If the Boks were to put the Pumas away with a bit of breathing space in Nelspruit, I argued in the lead-up week, a senior tier fronted by the likes of captain Adriaan Strauss, Tendai Mtawarira, Francois Louw and a returning Bryan Habana would have to lead the charge.

But we simply didn’t get emphatic, noteworthy dynamism from them, with South Africa instead relying more for vigour and thrust on “developing” players Faf de Klerk, Oupa Mohoje, Vincent Koch and a couple of others as they assembled just enough mojo to get over the line at the death.

It leaves head coach Allister Coetzee with a dilemma ahead of Salta: has the time come already for a significant bag-shake, or does he resist a stab toward the panic button in salute of the undoubted, desperate spirit – he can at least boast that he “has the dressing room”, as they say – that came to the fore when the chips were down at Mbombela Stadium?
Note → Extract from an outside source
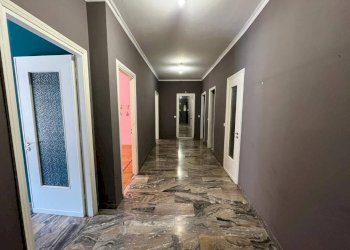 Corridoio - Four-room apartment via Filadelfia, 132, Torino (neighborhood Santa Rita) - photo 10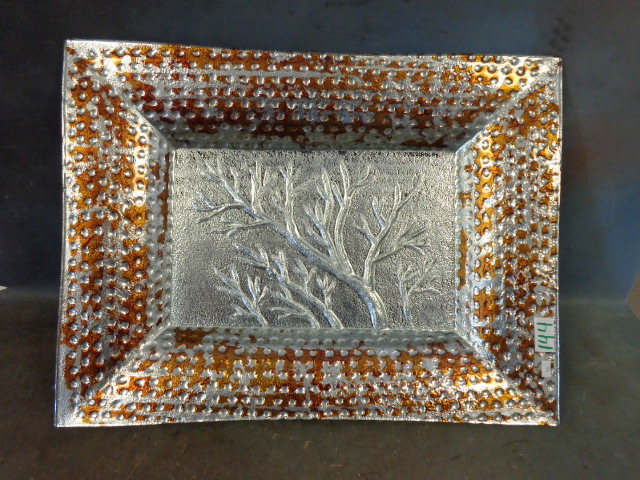 lot 144 image: Glass Picture Tray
My own suggestion would be tweaks above tremors in selection terms, at this delicate point, in the quest to find that all-important fifth gear and levels of accuracy and composure not yet evidenced in any of the three Tests against Ireland or the lone Pumas encounter.

There will be at least one enforced alteration to the starting line-up anyway, given the 32nd-minute exit through a hamstring injury on Saturday of tighthead prop Julian Redelinghuys, although the scrumming steel offered by replacement Vincent Koch – more than making up for a harrowing day against these foes in Durban last year – means an obvious immediate solution at No 3 while the Lions anchorman sadly sits out an expected six weeks.

But if there are also to be some alterations based on form considerations, then open-side flank Louw certainly seems as close as anyone else among the misfiring senior personnel to the guillotine.

He remains well below his known, admirable best in the current Test season, struggling to effect turnovers in any significant quantity and being penalty-prone into the bargain.

His physical contribution at rucks and mauls cannot be under-estimated, but there is a rising clamour – understandably so – for speedier, Jo’burg-based marauder Jaco Kriel to earn a maiden start at six after successive, promising appearances off the bench.

Meanwhile the skipper, Strauss, and front-row colleague Mtawarira continue their 2016 tendency to deliver moderate, rather flat-lining personal showings – and some might say that is a generous assessment.

Yet knowing Coetzee’s instinctive reluctance to disturb continuity, he is unlikely to omit these intended hardebaarde from his start-out plans in the hostile landscape that awaits the Boks in Argentina, despite the challenges posed by broader squad members like Malcolm Marx and Steven Kitshoff in their respective positions.

It would be a particularly big call, of course, to ditch his leader, and anyway Strauss has to be handed some credit for his unflappable role in ensuring the Boks didn’t unravel as the heat mounted on them in the Nelspruit game.

Johan Goosen was clearly naïve at times in his debut as a Bok fullback, but showed some good touches as well and it would be unjust and unsettling to the entire team to ditch him after a solitary crack at the role.

If there’s one player from the relative rookie category in the side who might be elbowed out of Saturday’s run-on plans, midfielder Lionel Mapoe seems most at risk, especially given the coach’s long-time partiality to Juan de Jongh and that player’s own familiarity at centre with Stormers franchise-mate Damian de Allende.

Possible Bok team for Salta:

15 Johan Goosen, 14 Ruan Combrinck, 13 Juan de Jongh (or Lionel Mapoe), 12 Damian de Allende, 11 Bryan Habana, 10 Elton Jantjies, 9 Faf de Klerk, 8 Warren Whiteley, 7 Oupa Mohoje, 6 Jaco Kriel (or Francois Louw), 5 Lood de Jager, 4 Eben Etzebeth, 3 Vincent Koch, 2 Adriaan Strauss (capt), 1 Tendai Mtawarira.